## Task to carry out
What you return must be the full data, repeated verbatim, with no pictures in it.

## Dataset excerpt
....
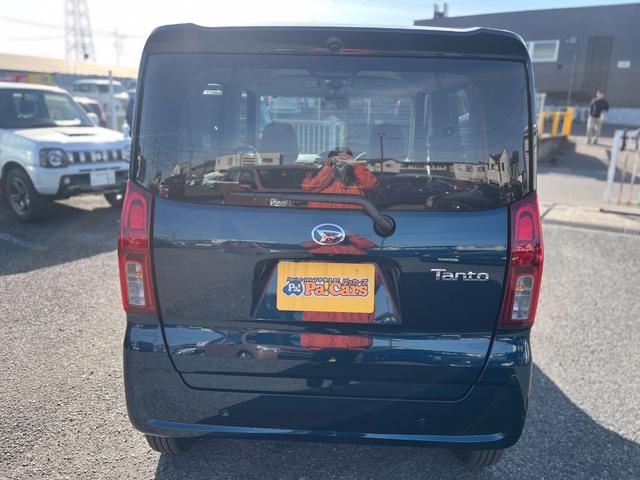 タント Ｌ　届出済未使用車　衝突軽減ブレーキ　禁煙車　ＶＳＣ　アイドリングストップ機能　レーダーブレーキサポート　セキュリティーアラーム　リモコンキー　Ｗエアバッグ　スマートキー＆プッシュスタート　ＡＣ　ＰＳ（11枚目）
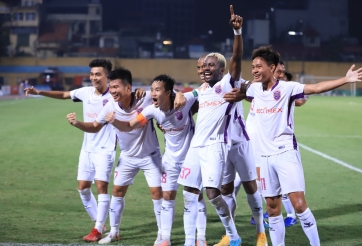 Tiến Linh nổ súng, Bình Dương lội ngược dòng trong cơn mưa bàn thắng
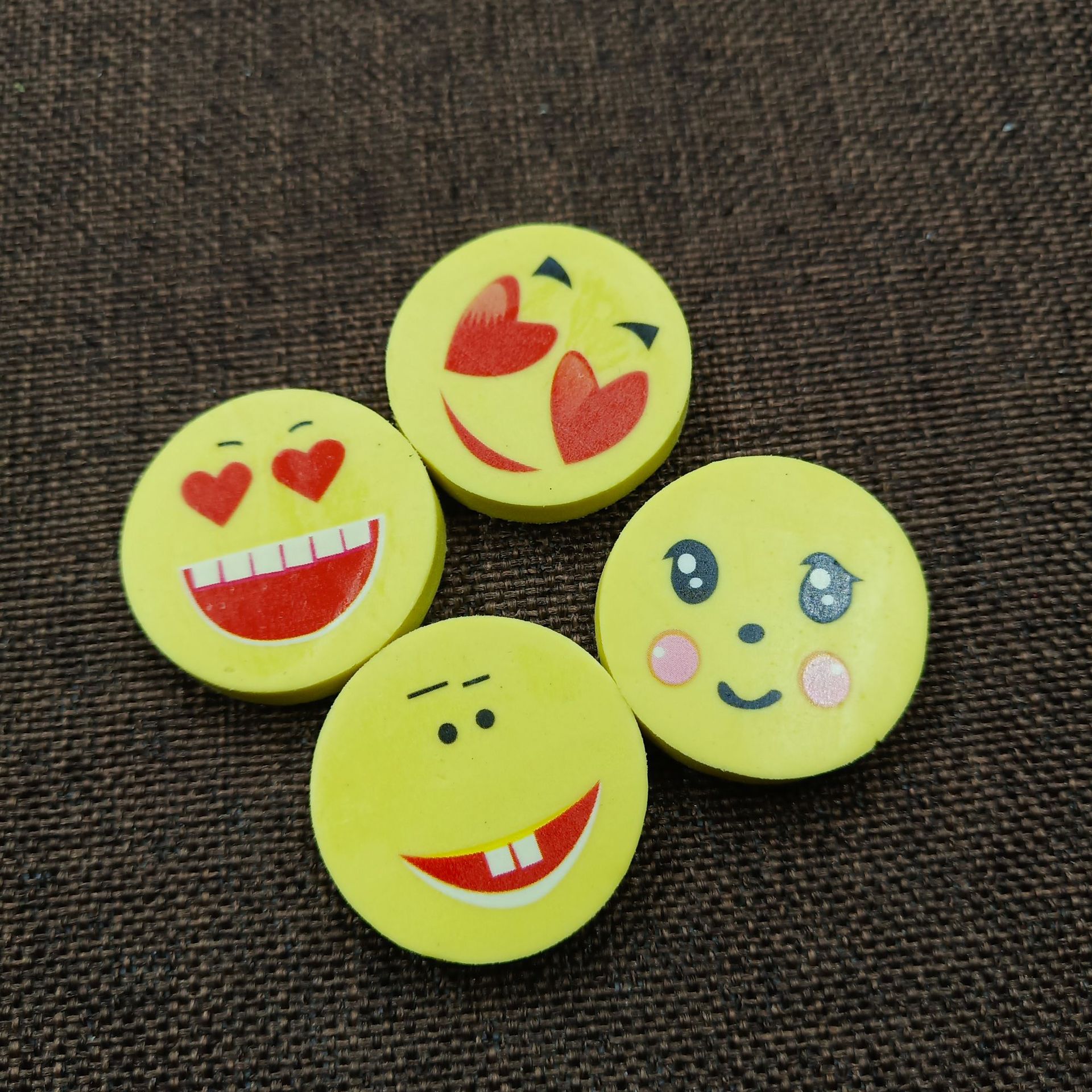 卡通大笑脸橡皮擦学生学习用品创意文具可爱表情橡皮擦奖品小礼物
....
## Output
 タント Ｌ　届出済未使用車　衝突軽減ブレーキ　禁煙車　ＶＳＣ　アイドリングストップ機能　レーダーブレーキサポート　セキュリティーアラーム　リモコンキー　Ｗエアバッグ　スマートキー＆プッシュスタート　ＡＣ　ＰＳ（11枚目）
 Tiến Linh nổ súng, Bình Dương lội ngược dòng trong cơn mưa bàn thắng
 卡通大笑脸橡皮擦学生学习用品创意文具可爱表情橡皮擦奖品小礼物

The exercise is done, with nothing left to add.